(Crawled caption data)
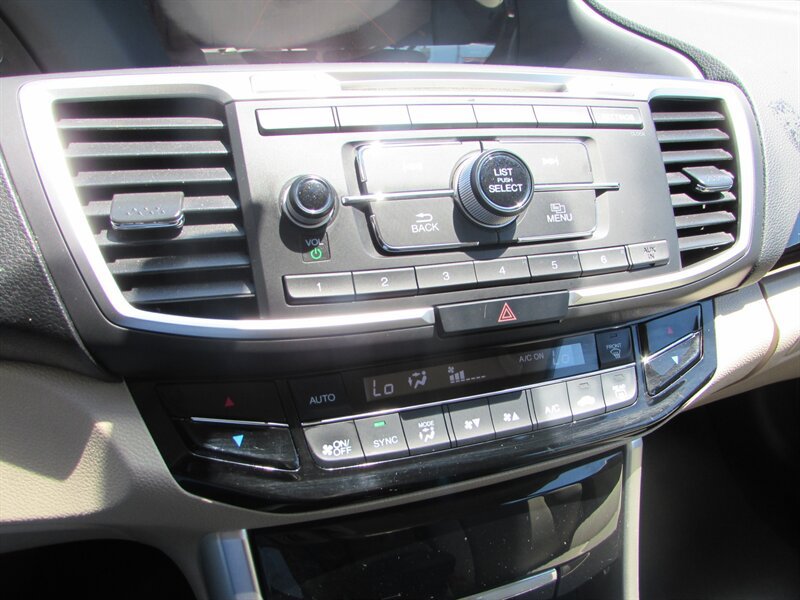 Used 2016 Honda Accord LX image 16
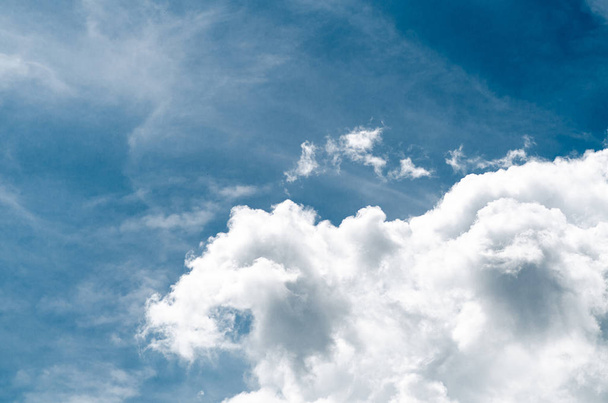 Ongelooflijk prachtige weelderige Cumulus wolken tegen een blauwe hemel - Foto, afbeelding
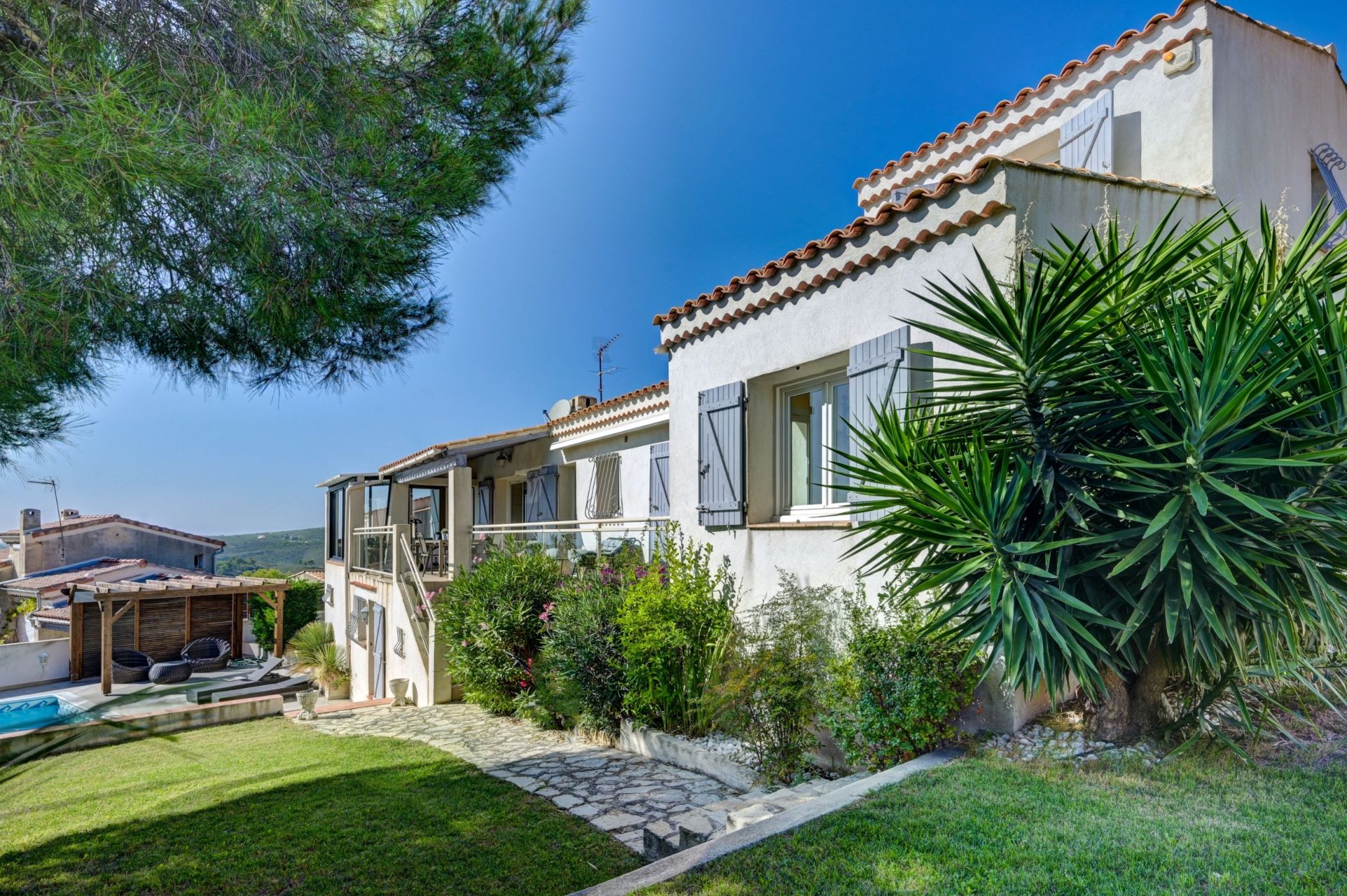 maison provençale de luxe 5 Pièces en vente sur CARRY LE ROUET (13620)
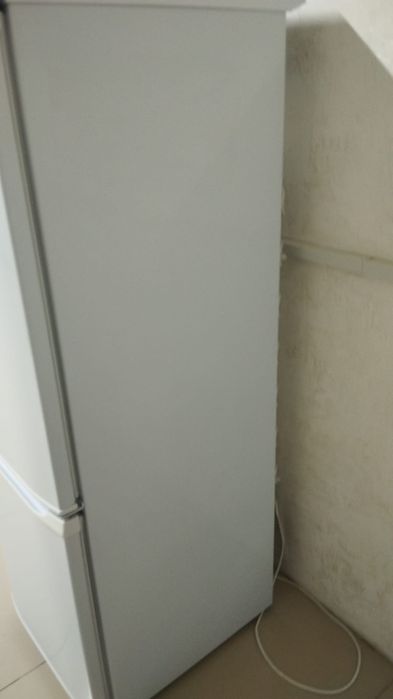 Холодилник бирюса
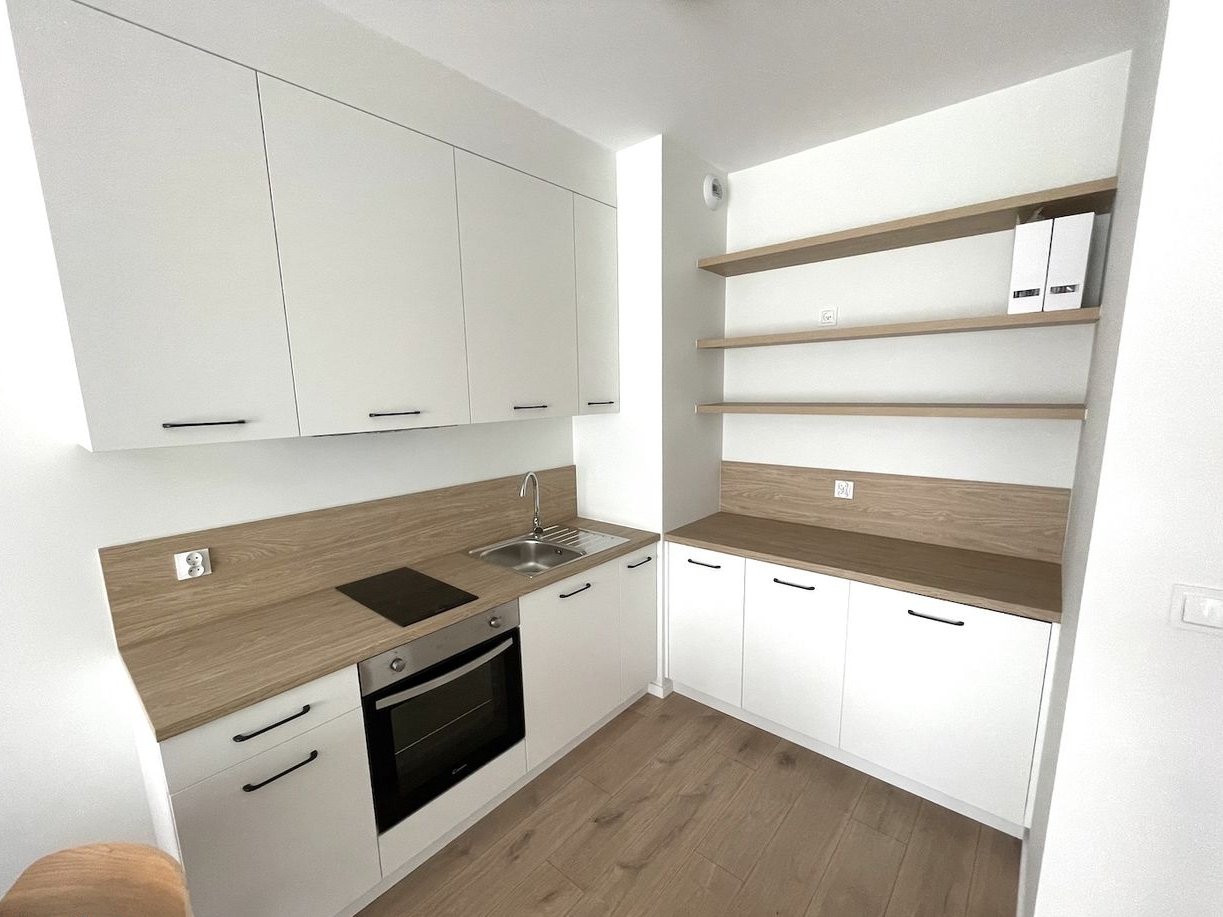 2pok z Halą Garażową w Cenie_blisko SKM i METRO Karolin oraz Factory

=== REQUIRED ACTION ===
Output only the lines running from the line with "Холодилник бирюса" through the last line of the entries above, inclusive, with pictures excluded.

=== RESULT OF THE TASK ===
 Холодилник бирюса
 2pok z Halą Garażową w Cenie_blisko SKM i METRO Karolin oraz Factory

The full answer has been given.